Ranulph Glanville (The Bartlett School of Architecture, UCL, London, UK, CybernEthics Research, Southsea, UK)

Kybernetes

ISSN: 0368-492X

Article publication date: 23 October 2007

1502

Abstract

Purpose

The purpose of this paper is to explore the two subjects, cybernetics and design, in order to establish and demonstrate a relationship between them. It is held that the two subjects can be considered complementary arms of each other.
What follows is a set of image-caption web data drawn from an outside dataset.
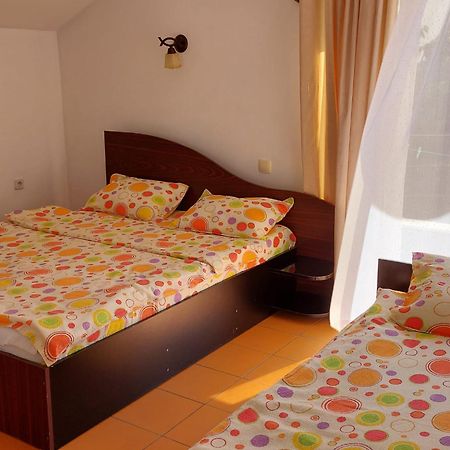 Vila Leonard Hotell Costinesti Exteriör bild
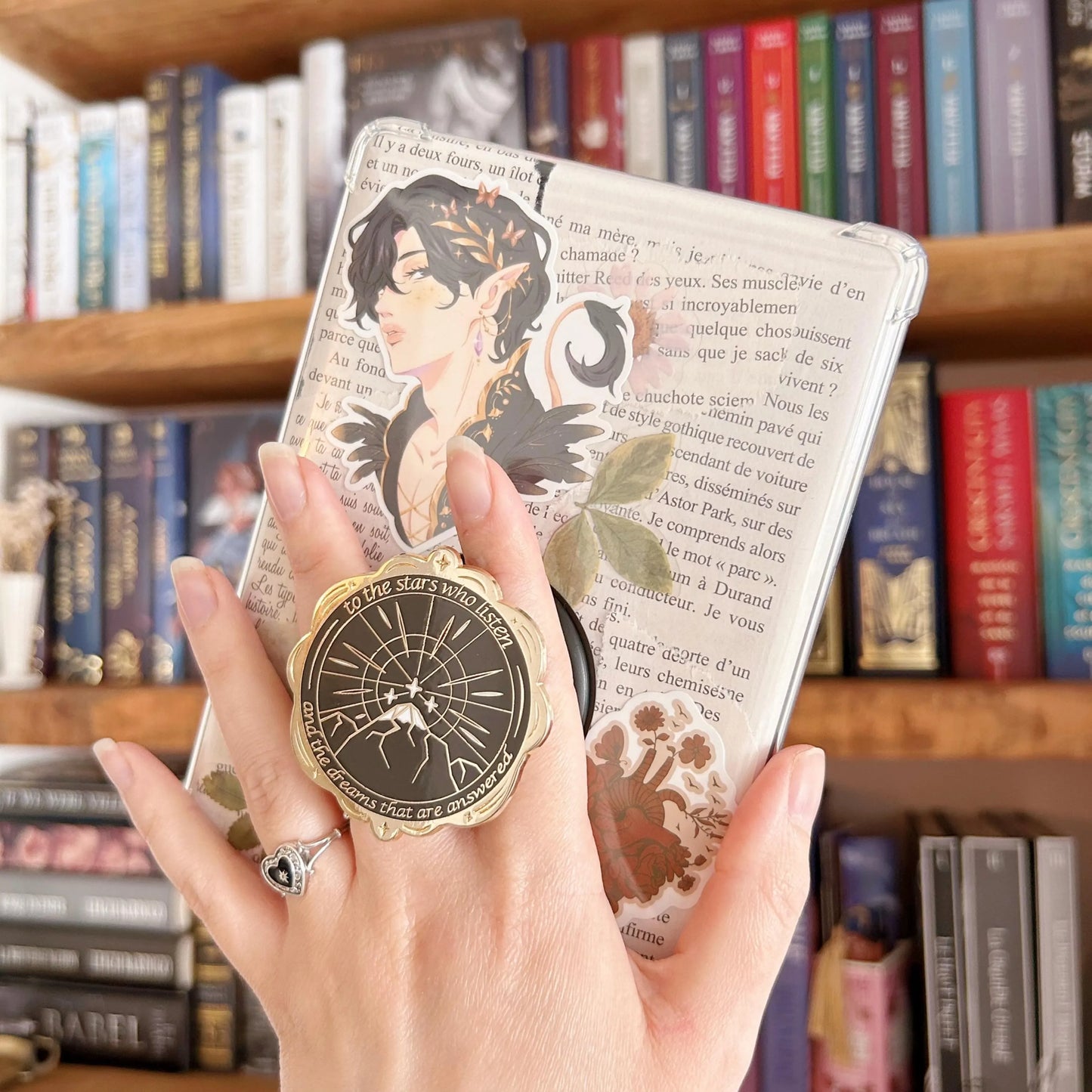 ACOTAR magnetic holder grip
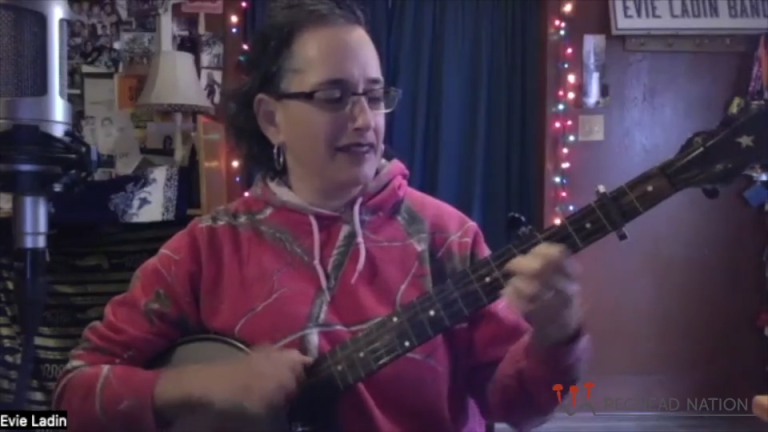 article: Watch Evie Ladin‘s Clawhammer Banjo Workshop: Practicing Syncopations for Songs and Tunes in D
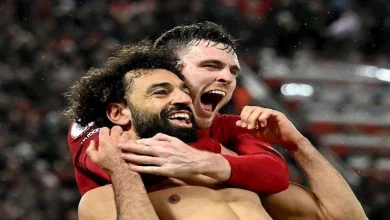 صورة نجم ليفربول يشيد بمستوى محمد صلاح مع الفريق في الفترة الماضية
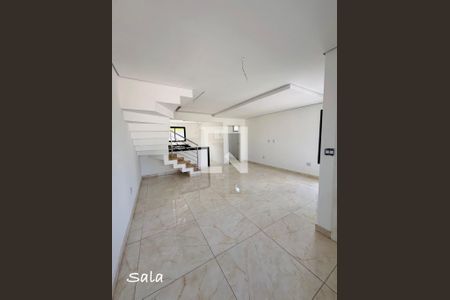 Casa à venda com 3 quartos, 170m² em Cabral, Contagem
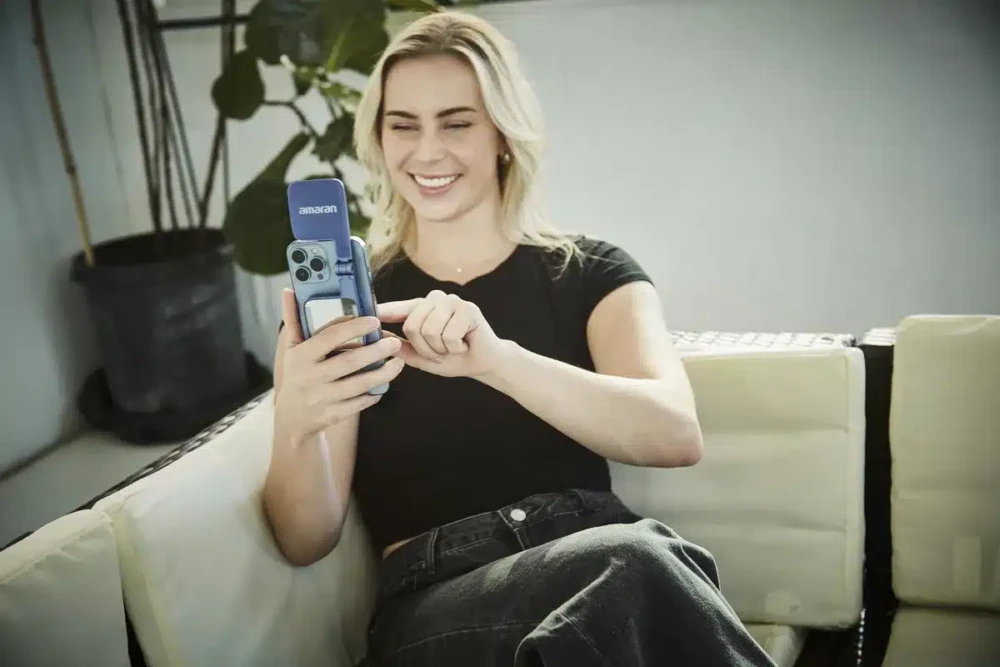 AMARAN Go ultra-compact mini LED phone light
Design/methodology/approach

The two subjects are each characterised so that the author's interpretation is explicit and those who know one subject but not the other are briefed. Cybernetics is examined in terms of both classical (first‐order) cybernetics, and the more consistent second‐order cybernetics, which is the cybernetics used in this argument. The paper develops by a comparative analysis of the two subjects, and exploring analogies between the two at several levels.

Findings

A design approach is characterised and validated, and contrasted with a scientific approach. The analogies that are proposed are shown to hold. Cybernetics is presented as theory for design, design as cybernetics in practice. Consequent findings, for instance that both cybernetics and design imply the same ethical qualities, are presented.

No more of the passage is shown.